A recent tweet from a popular toy company got them in hot water with fathers. Playskool tweeted, “Does Dad ever have a day where he's in charge?”
The question created a firestorm on Twitter. (I find it interesting how quickly we are offended.) Playskool responded to the criticism with a follow-up tweet: “Our sincerest apologies for any confusion. Our intent was in reference to kids taking charge of the household.”
You can make up your mind how offended you should be…
A few days later, The Huffington Post wrote about the reaction from dads: “If this all sounds a little familiar, perhaps it is because this band of dads are not unlike, well, moms. As HuffPost Parents senior columnist Lisa Belkin has written, dads today are a lot like mothers who have had to fight for recognition in the workplace and respect for their choices.”
These comments raised a very simple question for me: Who is in charge? The journey to answer this question led me to an interesting debate in The New York Times on this very issue. In “Taking the Lead on Child Rearing,” Bruce Feiler, author of The Council of Dads, stated the following: “A new body of research is emerging that shows couples say they intend to share parenting equally, but once the baby comes, moms slowly begin to nudge out dads. The results are telling: when a mother criticizes her partner’s child-care efforts, it causes him to lose confidence and withdraw. When she praises his efforts, he takes a more active role. The most significant predictor of dad involvement is the mom’s willingness to give up control and allow the father to do things a slightly different way.”

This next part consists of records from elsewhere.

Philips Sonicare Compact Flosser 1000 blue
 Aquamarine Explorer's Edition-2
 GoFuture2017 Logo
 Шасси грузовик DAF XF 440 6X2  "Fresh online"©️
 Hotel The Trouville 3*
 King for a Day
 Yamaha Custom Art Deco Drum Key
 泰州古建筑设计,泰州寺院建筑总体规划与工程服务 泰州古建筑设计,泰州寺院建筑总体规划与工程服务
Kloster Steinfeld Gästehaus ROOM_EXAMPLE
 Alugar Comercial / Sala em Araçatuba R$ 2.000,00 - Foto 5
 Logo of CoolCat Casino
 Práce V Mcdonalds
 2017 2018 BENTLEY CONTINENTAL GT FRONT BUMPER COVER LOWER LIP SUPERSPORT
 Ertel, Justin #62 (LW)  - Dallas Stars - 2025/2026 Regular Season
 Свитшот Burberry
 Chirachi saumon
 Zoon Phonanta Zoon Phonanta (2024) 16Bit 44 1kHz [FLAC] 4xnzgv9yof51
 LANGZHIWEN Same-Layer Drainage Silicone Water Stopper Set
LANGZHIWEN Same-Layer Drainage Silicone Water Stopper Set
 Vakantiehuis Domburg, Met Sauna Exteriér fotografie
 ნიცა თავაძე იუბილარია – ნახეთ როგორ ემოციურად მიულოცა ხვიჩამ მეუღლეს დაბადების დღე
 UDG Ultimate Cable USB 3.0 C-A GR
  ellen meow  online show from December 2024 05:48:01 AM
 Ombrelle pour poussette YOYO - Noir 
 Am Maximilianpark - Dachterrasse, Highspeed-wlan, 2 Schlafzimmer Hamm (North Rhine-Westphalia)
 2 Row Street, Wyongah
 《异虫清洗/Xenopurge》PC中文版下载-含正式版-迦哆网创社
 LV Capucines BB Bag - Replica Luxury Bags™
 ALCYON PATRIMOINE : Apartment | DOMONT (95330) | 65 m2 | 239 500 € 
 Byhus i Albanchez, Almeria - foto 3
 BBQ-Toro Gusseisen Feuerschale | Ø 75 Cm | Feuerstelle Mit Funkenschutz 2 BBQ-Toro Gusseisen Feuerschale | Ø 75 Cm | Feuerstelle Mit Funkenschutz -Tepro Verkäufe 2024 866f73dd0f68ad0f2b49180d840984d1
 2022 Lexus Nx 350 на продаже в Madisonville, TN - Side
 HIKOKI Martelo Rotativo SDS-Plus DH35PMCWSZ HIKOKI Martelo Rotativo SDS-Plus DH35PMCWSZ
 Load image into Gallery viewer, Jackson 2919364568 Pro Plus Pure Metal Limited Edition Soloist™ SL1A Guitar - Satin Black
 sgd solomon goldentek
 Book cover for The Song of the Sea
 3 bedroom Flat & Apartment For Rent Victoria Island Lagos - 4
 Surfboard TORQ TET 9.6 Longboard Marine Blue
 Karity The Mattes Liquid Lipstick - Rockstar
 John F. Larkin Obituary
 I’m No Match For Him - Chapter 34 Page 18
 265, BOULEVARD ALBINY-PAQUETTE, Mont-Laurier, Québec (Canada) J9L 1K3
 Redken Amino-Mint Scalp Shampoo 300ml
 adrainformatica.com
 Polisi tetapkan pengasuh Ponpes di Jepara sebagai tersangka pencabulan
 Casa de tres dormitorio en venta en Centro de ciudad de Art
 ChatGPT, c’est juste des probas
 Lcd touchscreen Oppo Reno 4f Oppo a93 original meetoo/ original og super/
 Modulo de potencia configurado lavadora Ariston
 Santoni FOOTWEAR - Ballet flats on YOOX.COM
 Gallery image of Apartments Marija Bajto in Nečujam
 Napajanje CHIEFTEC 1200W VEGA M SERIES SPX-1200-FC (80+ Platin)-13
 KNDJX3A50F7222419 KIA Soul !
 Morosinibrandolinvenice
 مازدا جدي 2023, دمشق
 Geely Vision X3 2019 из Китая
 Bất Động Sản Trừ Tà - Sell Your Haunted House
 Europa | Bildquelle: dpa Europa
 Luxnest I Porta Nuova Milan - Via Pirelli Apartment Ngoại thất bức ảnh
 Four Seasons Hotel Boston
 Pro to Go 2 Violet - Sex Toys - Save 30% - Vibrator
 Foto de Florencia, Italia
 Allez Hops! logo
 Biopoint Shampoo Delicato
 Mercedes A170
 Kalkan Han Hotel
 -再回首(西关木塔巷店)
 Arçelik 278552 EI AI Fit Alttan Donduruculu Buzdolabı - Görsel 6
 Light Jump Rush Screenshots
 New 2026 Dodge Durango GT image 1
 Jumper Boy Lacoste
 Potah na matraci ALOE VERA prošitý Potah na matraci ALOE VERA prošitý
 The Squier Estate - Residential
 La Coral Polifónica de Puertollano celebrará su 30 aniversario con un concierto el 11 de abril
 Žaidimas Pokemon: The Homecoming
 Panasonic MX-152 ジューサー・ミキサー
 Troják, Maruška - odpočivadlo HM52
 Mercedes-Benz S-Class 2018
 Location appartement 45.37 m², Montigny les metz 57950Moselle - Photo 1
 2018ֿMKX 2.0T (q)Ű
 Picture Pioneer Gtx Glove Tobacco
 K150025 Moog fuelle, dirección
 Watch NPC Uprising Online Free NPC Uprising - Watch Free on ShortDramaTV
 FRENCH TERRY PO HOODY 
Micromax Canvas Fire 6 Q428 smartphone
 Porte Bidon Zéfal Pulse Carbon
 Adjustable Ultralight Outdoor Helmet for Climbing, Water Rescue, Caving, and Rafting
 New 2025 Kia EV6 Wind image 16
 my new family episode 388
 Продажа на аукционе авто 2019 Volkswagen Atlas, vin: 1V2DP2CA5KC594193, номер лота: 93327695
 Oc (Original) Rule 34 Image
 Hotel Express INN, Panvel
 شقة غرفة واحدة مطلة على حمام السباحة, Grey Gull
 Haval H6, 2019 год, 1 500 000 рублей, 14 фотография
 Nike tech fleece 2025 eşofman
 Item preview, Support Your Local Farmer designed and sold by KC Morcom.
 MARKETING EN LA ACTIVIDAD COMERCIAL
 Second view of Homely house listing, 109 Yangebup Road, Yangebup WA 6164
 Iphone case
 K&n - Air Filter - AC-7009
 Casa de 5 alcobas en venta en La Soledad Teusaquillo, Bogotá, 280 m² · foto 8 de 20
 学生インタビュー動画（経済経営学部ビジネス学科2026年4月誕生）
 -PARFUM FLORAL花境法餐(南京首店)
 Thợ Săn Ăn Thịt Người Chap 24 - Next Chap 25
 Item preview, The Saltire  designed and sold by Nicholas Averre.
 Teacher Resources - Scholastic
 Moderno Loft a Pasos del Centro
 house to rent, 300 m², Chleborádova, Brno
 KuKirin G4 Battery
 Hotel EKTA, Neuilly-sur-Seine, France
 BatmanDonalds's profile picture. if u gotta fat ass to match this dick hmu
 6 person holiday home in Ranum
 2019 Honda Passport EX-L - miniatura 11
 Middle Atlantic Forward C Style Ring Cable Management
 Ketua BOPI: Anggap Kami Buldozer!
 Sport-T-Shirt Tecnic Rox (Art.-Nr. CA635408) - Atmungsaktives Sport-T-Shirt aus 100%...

KJ Dell'Antonia, editor and lead writer of the Times Motherlode blog, responded to Feiler: “If I'm having to admit to the person calling to see why I'm 20 minutes late for school pick-up that in fact, I'm a several-hour plane ride away, then I've blown it. Whispers at the bus stop, raised eyebrows at the open-school night. I'm the mom who can't hack it. You see that whole dominant parent thing as something women want to protect; I see it as something we can't escape.”
As the debate continued, I had to wonder–are we asking the right question? Is it really about who’s in charge?
I remember my wedding vows: “For better or worse, richer or poorer, in sickness and in health....” But I don’t remember “in control or not in control.” Does it really boil down to that?
Maybe it is less about who is “in charge,” and more about, “What are we called to do?” as parents.
In his book, The Call, Os Guiness writes about how the concept of “calling” has been distorted. Guiness describes it as “the truth that God calls us to Himself so decisively that everything we are, everything we do, and everything we have is invested with a special devotion, dynamism, and direction lived out as a response to His summons and service.”
Have we distorted the calling of family and marriage? If all marriage does is meet our needs as individuals, then we are missing the point and calling of family. If marriage was intended to make two become one, to reflect His design for family, then family is less about who is in charge and more about living out our calling as a family.
If our families’ highest pursuit is Him, then the question of who is in charge is just semantics. Sure, roles and responsibilities are important, and having healthy boundaries and expectations is still necessary.
But let’s look at the question again: “Who is in charge?”